Getting an idea for a picture book can be the trickiest part of the process. But sometimes you get lucky, and an idea is given to you.

 

In March of 2017, I was out of town caring for my dad, who’d been seriously ill. I had been too stressed and busy with the demands of caregiving to even think about writing, so when I received an email from one of my editors, it felt like a reminder of a former life.

 

The editor said she’d been thinking about kindness, and that she’d like to do a book about it. Was I interested?

 

Absolutely! But I told her my current situation, fearful that once she learned I was temporarily out of commission, she’d ask someone else instead. She responded that whenever I had something to share, she’d love to see it—a kindness in itself.

 

After I got home, I started playing with the idea.
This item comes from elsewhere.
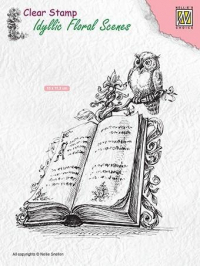 Billede: Nellie Snellen Clearstamps, Book with owl, IFS013, 110x100mm, førpris kr. 28,- nupris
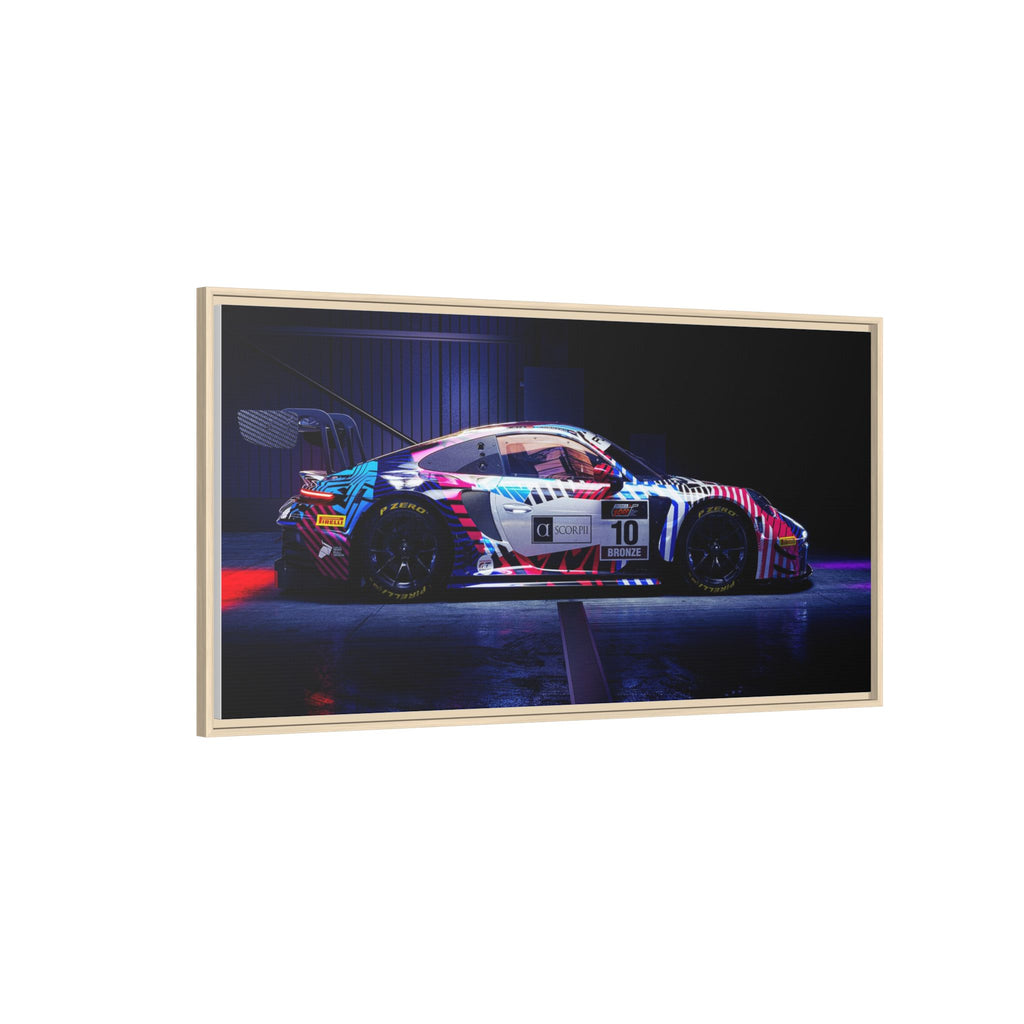 Framed Matte Canvas Print — Neon Racecar Wall Art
Important as kindness is to me, it seemed like a tricky topic for a picture book because I worried that a manuscript could easily drift towards the saccharine.

 

I started making lists of kindnesses, then tried to shoehorn them into a manuscript. Months later, I sent my editor a draft of a text which contained phrases like this:

 

Kindness is stirring and sprinkling and soup. Kindness is planning and paint

and a home. Kindness is seeds and a feeder and full tummies. Kindness is tiptoes and whispers and dreams.

 

She responded that she thought this direction could work, and made some suggestions. I revised it a time or two. But there was a problem.

 

This didn’t feel like my writing.

 

It’s important to me—as it probably is to most writers—that my work feel authentic. That it feel like me, even if the original idea comes from someone else.

 

This didn’t. Except for one line: “Kindness is a cup and a card and freedom.”

 

During the early stage of the manuscript, I’d noticed a clear plastic cup and an index card on my coffee table. I’d used them to capture a spider and set it free outside, something I always do. The phrase cup and card kindness had popped into my head, and I’d immediately scribbled it down. I loved it: the rhythm, the meaning, and the fact that without an illustration, it was incomprehensible.

 

So I started again, this time with telegraphic verse: Cup and card kindness. Rake and yard kindness. This felt like me! But the rhythm meant each kindness needed three and only three syllables: not impossible, but quite limiting.

 

But then I hit on the missing piece of the puzzle: the book could be essentially a slow camera pan around a town, starting with a girl freeing a bug, moving through her neighborhood, going downtown, then to an animal shelter, to a park, back to the neighborhood, and finally ending up with the same girl freeing a bug again.

 

That felt like me, and it felt like a picture book! The continuity of the illustrations would help the book feel cohesive. And when I ran the concept past my editor, almost exactly eleven months after she’d approached me about the idea, she immediately responded, “YESSSSSSSSSSS! YES. This is it. This is the one!”

 

Phew!

 

I wrote the manuscript in verse—not a terse verse, but one that’s cheery and bouncy (one more bit of anti-saccharine insurance). Before long, the manuscript was polished and off to the wonderful illustrator, Irene Chan. And now, finally, it’s on bookstore shelves!

 

I see kindness as the ultimate connector in an increasingly divided society. I’ve filled Finding Kindness with small acts of kindness. Little things that kids can see in their own lives. Things they can do for each other. Things parents and teachers can point out and share.

 

Focusing on the kindness around me, like my editor giving me the time I needed to write this manuscript, helps me to see the good in the world. I hope Finding Kindness will help kids to see it, too—and to be part of it themselves.

 

Deborah Underwood grew up in Walla Walla, Washington. She is the author of many books for children, including the New York Times–bestselling The Quiet Book. When she’s not writing, you might find her singing in a chamber choir, playing a ukulele, walking around in Golden Gate Park, baking vegan cookies, or petting any dogs, cats, pigs, or turkeys that happen to be nearby.